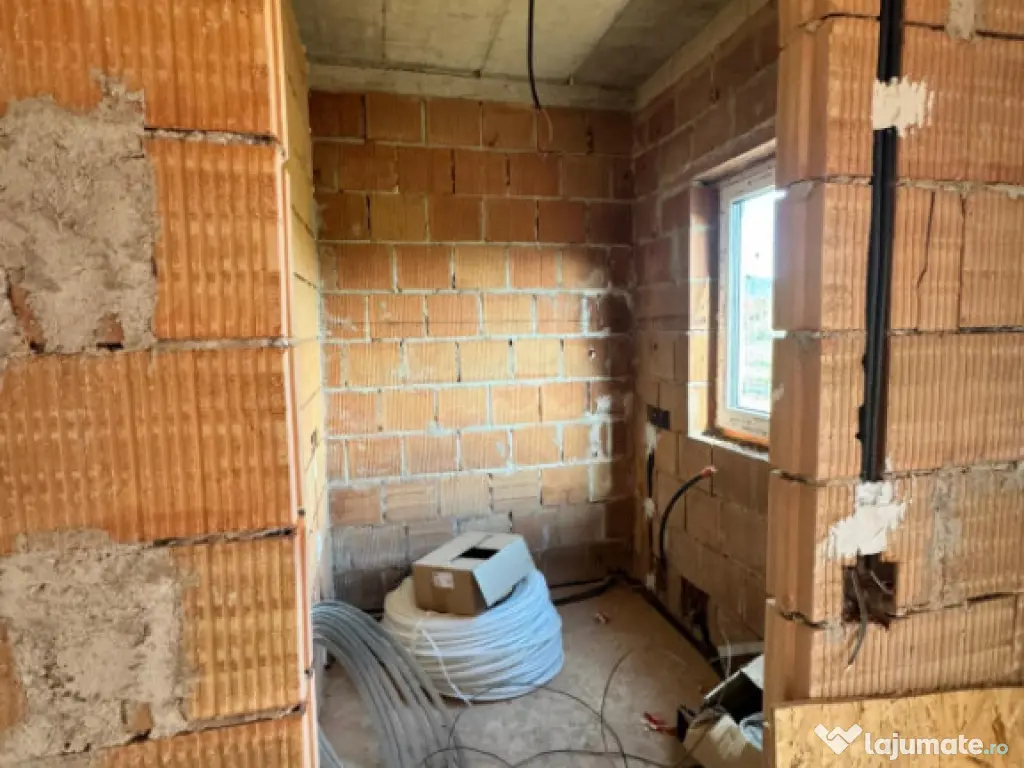 Casă individuală la roșu – 130 mp utili, teren 440 mp,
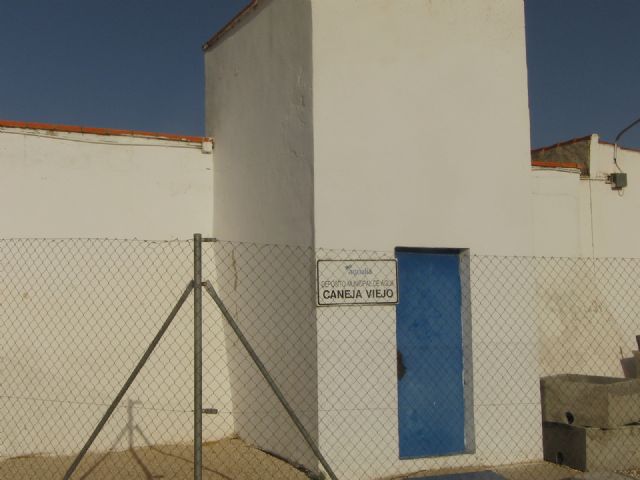 ARECA (Agrupación de Comunidades de Regantes) se opone totalmente a los aumentos de concesión de los pozos de Caneja y de Archivel, solicitados por el Ayuntamiento a la CHS - 1, Foto 1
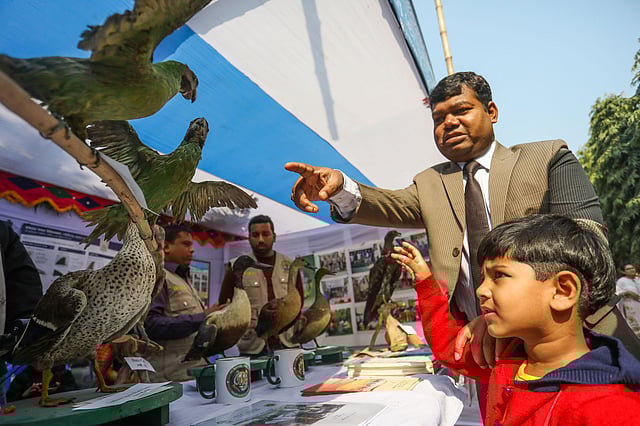 সন্তানকে মেলা ঘুরিয়ে দেখাচ্ছেন বাবা।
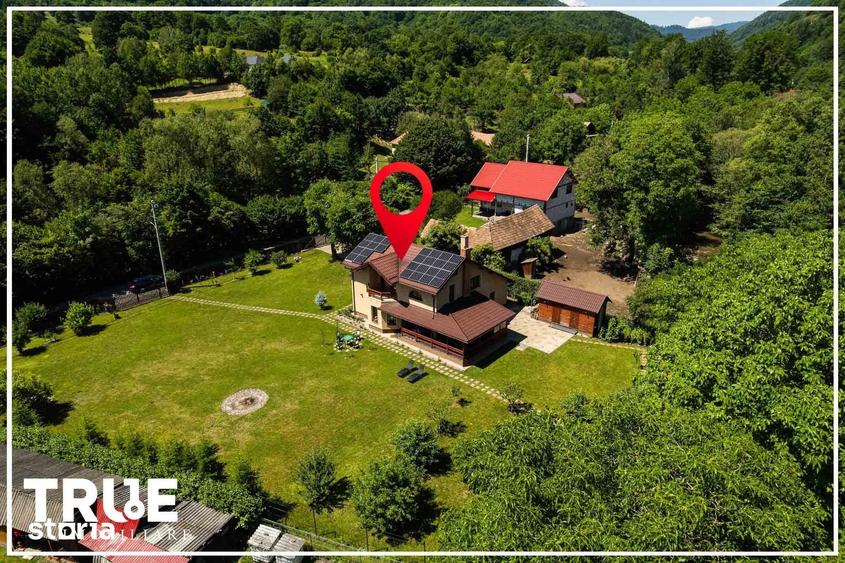 Casă cu 4 camere cu Teren 2500 Mp în Deda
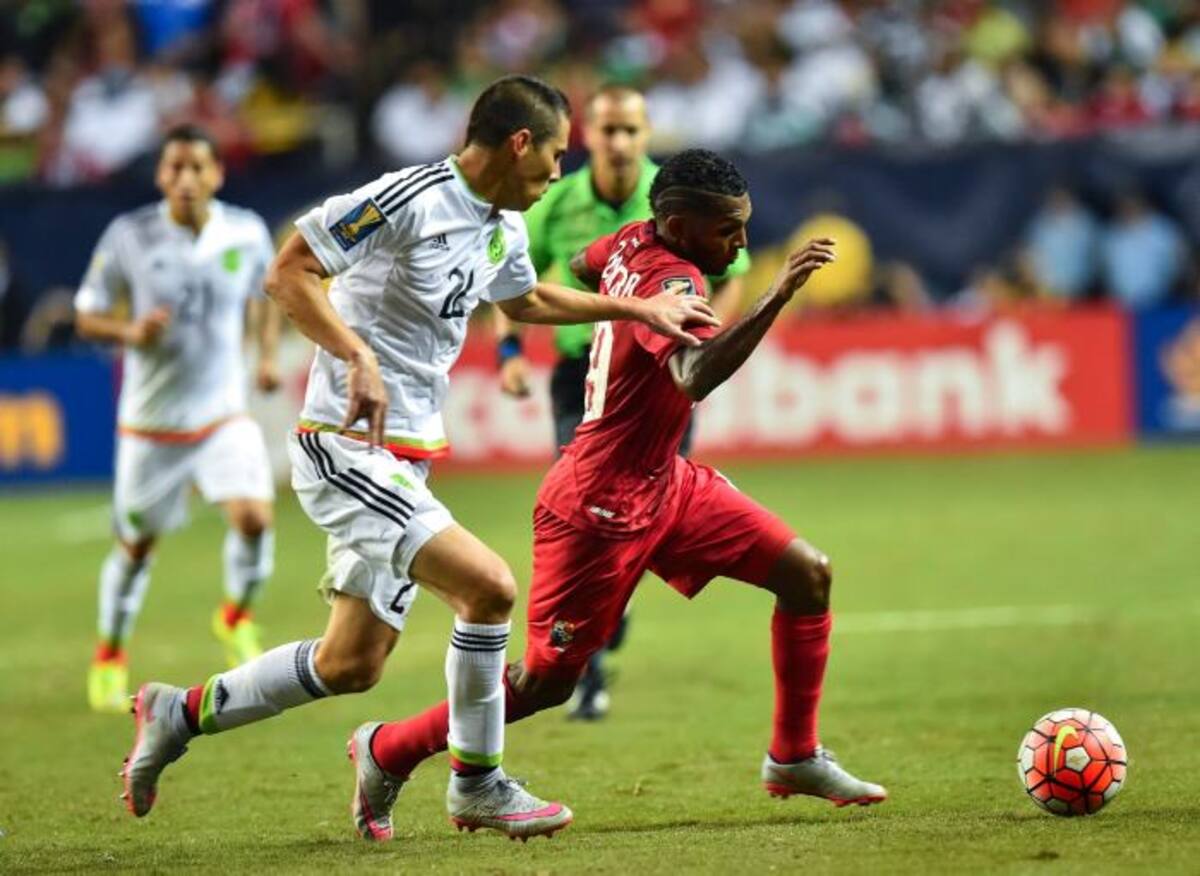 Jugadores de México y Panamá disputan el balón durante la Copa Oro. AFP NICHOLAS KAMM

------------------------

* **EXERCISE REQUIREMENTS**
Without the pictures, repeat every record above exactly as written.

* **TASK SOLUTION**
 Casă individuală la roșu – 130 mp utili, teren 440 mp,
 ARECA (Agrupación de Comunidades de Regantes) se opone totalmente a los aumentos de concesión de los pozos de Caneja y de Archivel, solicitados por el Ayuntamiento a la CHS - 1, Foto 1
 সন্তানকে মেলা ঘুরিয়ে দেখাচ্ছেন বাবা।
 Casă cu 4 camere cu Teren 2500 Mp în Deda
 Jugadores de México y Panamá disputan el balón durante la Copa Oro. AFP NICHOLAS KAMM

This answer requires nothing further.